Also, what should I look for in:
Woofer
Mid-range driver
Tweeter
All speakers should have as flat a frequency response as possible and low distortion. You can usually find information on the first parameter, but not much on the second. Thus it often means just buying a more expensive speaker from a known brand since sound quality is generally, (but not exactly), related to speaker cost.
Woofers should be designed for good fidelity, not necessarily for maximum output. For example the woofers designed for car boom-box systems give very high output levels, but their frequency response is usually rather peaky (all bass notes tend to sound the same).
For woofers you also have to decide whether to use a sealed box or a ported (reflex) design. The ported designs have higher output level but the sealed box designs generally have better transient control (have a "tighter" sound) and are often preferred for music listening. The reflex designs tend to be favored for home theater systems where rattle-the-walls sound levels are considered by some to be more important than music accuracy.

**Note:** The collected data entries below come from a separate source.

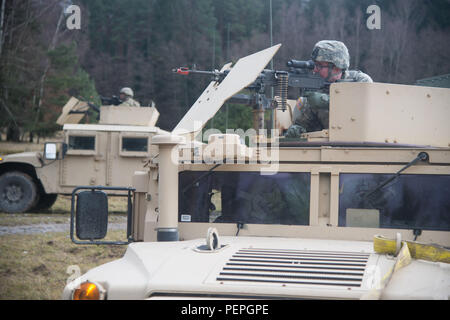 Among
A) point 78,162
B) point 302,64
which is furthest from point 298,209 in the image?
point 78,162

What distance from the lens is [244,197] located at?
3451 millimetres

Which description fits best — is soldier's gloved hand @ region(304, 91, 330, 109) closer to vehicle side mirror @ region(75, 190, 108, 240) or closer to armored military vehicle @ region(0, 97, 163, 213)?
vehicle side mirror @ region(75, 190, 108, 240)

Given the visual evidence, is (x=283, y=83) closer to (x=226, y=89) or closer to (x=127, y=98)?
(x=226, y=89)

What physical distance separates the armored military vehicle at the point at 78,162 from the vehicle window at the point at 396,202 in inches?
320

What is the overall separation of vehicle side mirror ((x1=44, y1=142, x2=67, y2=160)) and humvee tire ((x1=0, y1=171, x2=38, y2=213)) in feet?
2.17

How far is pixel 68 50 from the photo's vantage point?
2025 cm

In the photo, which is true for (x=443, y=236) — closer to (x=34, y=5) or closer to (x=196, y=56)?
(x=196, y=56)

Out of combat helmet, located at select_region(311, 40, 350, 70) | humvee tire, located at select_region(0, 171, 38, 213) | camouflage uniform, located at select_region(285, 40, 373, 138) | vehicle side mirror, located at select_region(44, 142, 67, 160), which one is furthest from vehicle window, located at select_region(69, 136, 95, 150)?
combat helmet, located at select_region(311, 40, 350, 70)

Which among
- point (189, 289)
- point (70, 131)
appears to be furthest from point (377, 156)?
point (70, 131)

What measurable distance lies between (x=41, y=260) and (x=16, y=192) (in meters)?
4.34

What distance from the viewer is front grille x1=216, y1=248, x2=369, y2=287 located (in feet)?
8.02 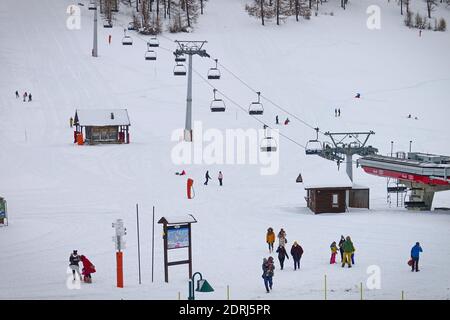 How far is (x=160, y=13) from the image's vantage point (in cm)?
9881

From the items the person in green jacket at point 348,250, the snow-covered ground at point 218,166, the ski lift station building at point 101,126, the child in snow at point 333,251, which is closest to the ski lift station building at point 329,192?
the snow-covered ground at point 218,166

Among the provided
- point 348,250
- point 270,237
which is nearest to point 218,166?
point 270,237

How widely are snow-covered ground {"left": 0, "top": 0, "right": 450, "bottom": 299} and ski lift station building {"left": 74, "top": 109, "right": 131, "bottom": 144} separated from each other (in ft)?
4.45

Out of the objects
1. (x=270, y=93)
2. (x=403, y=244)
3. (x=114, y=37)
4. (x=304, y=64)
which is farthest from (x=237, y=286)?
(x=114, y=37)

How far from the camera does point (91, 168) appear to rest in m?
38.3

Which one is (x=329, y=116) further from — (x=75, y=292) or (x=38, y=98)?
(x=75, y=292)

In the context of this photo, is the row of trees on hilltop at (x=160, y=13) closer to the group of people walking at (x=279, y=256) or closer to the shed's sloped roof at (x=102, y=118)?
the shed's sloped roof at (x=102, y=118)

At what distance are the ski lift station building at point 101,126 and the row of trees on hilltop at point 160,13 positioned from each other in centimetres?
3883

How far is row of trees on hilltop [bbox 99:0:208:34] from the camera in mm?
87375

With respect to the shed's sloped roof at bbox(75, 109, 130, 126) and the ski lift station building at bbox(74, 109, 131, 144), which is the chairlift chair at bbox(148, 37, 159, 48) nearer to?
the shed's sloped roof at bbox(75, 109, 130, 126)

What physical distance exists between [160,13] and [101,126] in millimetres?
55488

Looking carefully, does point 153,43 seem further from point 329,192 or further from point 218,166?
point 329,192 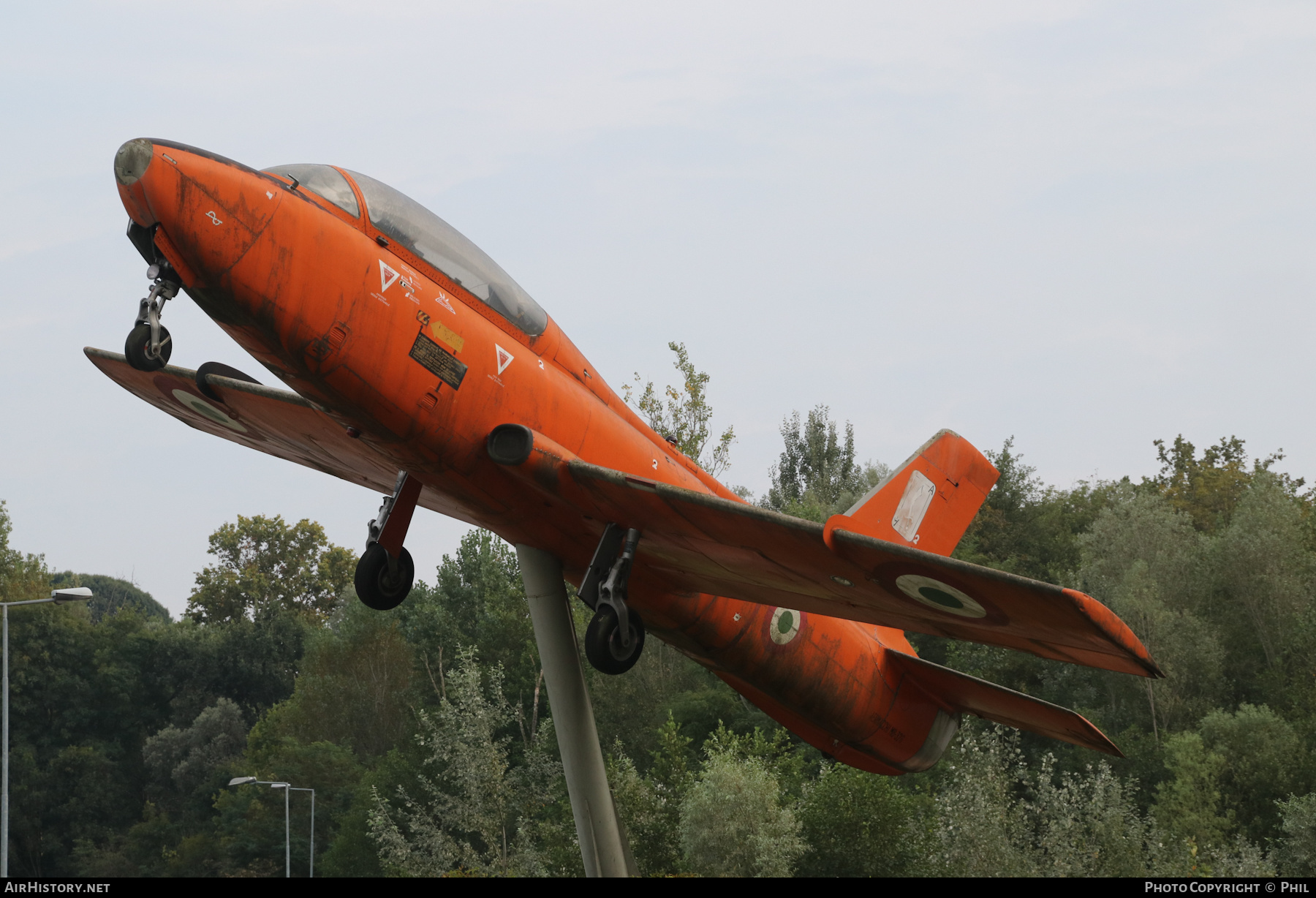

Edit: An additional refinement you can do with active circuits is compensate for dips or valleys in the speaker frequency response. You add a network that has the inverse response to the speaker's output, the result being a flat output from the speaker. One way to achieve this is with some type of notch filter (can be inverted to give a peak) with the width ,depth, and frequency of the peak adjusted to match the inverse of the speaker response.
You can also extend the low end of a subwoofer's frequency response by adding a filter that provides a boost in the frequency response below the normal rolloff of the subwoofer (see
**broken link removed** for example).